→ Work required: The line containing "שנה טובה, אמנים" marks the start. Restate it and every following line through the end of the records exactly, and nothing else, leaving out the pictures.

→ Captioned web image data:
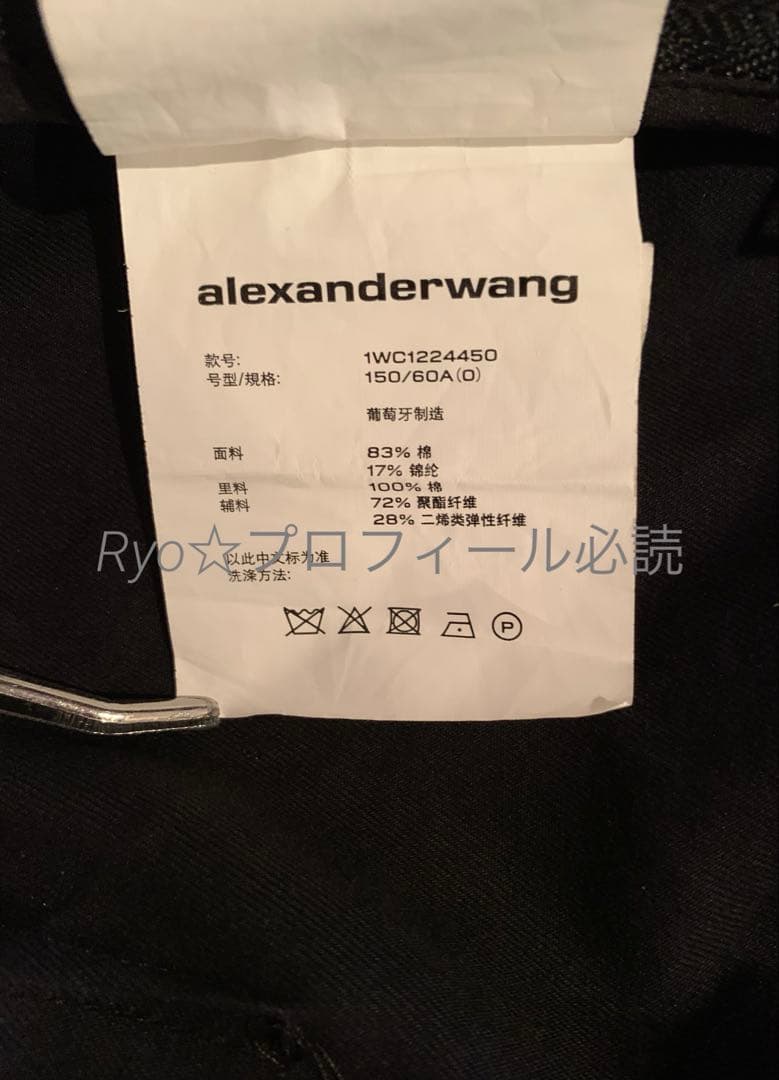 確実正規品 アレキサンダーワン ウエストロゴ ショートパンツ 0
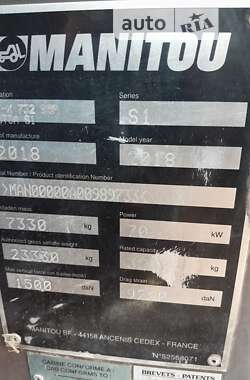 Телескопический погрузчик Manitou MT-X 732 2018 в Малине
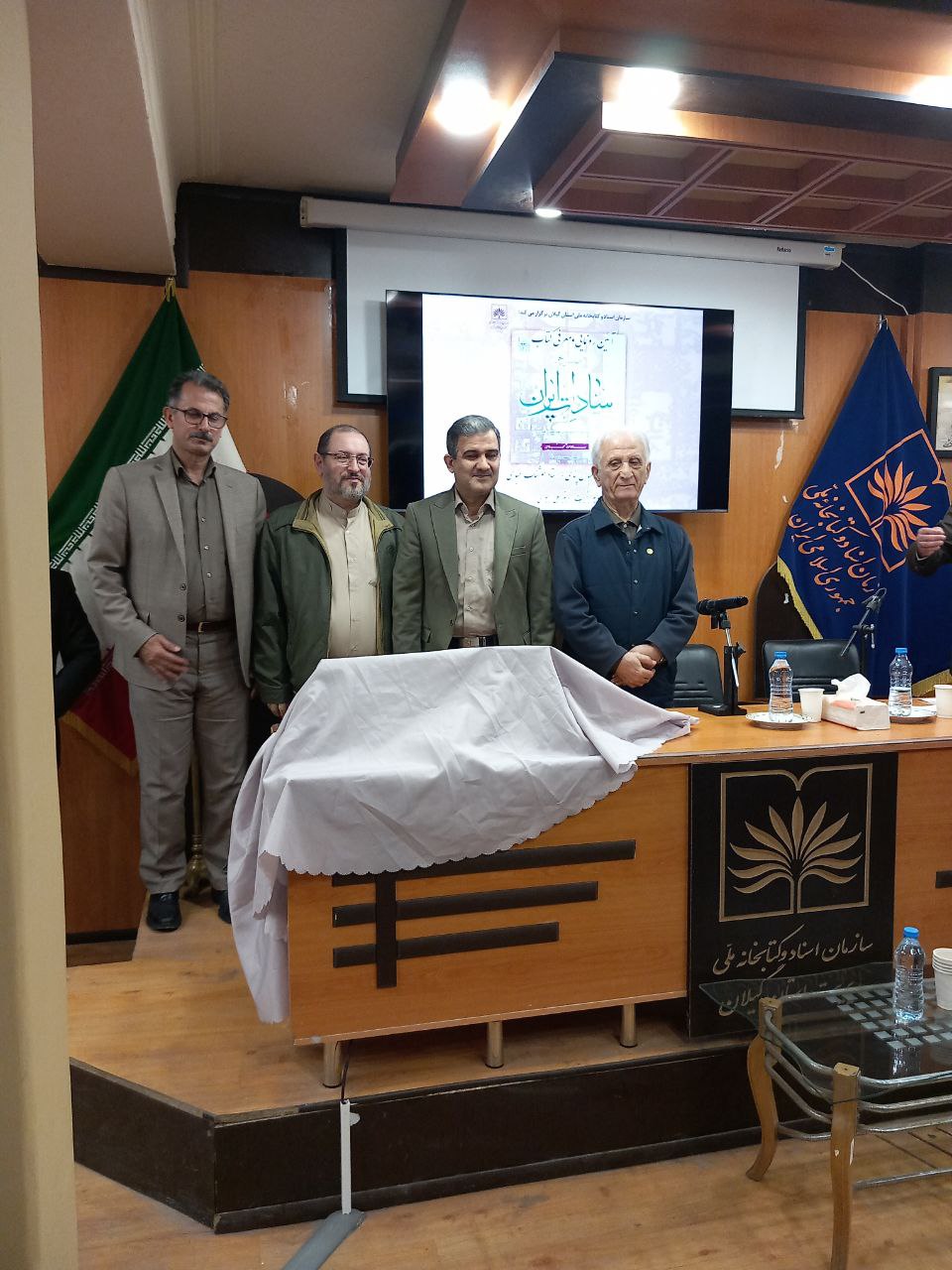 IMG_20251012_092029_568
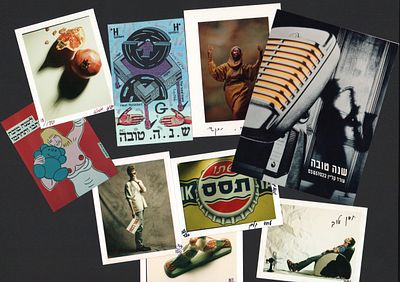 שנה טובה, אמנים שונים, שנות השמונים. לוט גדול של אגרות שנה טובה מאת אמנים/יוצרים/צלמים שונים. 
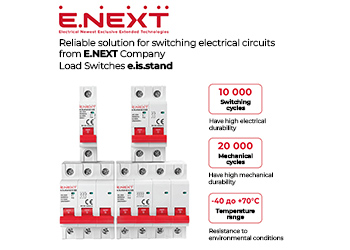 Reliable solution for switching electrical circuits from E.NEXT company — Load Switches e.is.stand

→ Response:
 שנה טובה, אמנים שונים, שנות השמונים. לוט גדול של אגרות שנה טובה מאת אמנים/יוצרים/צלמים שונים. 
 Reliable solution for switching electrical circuits from E.NEXT company — Load Switches e.is.stand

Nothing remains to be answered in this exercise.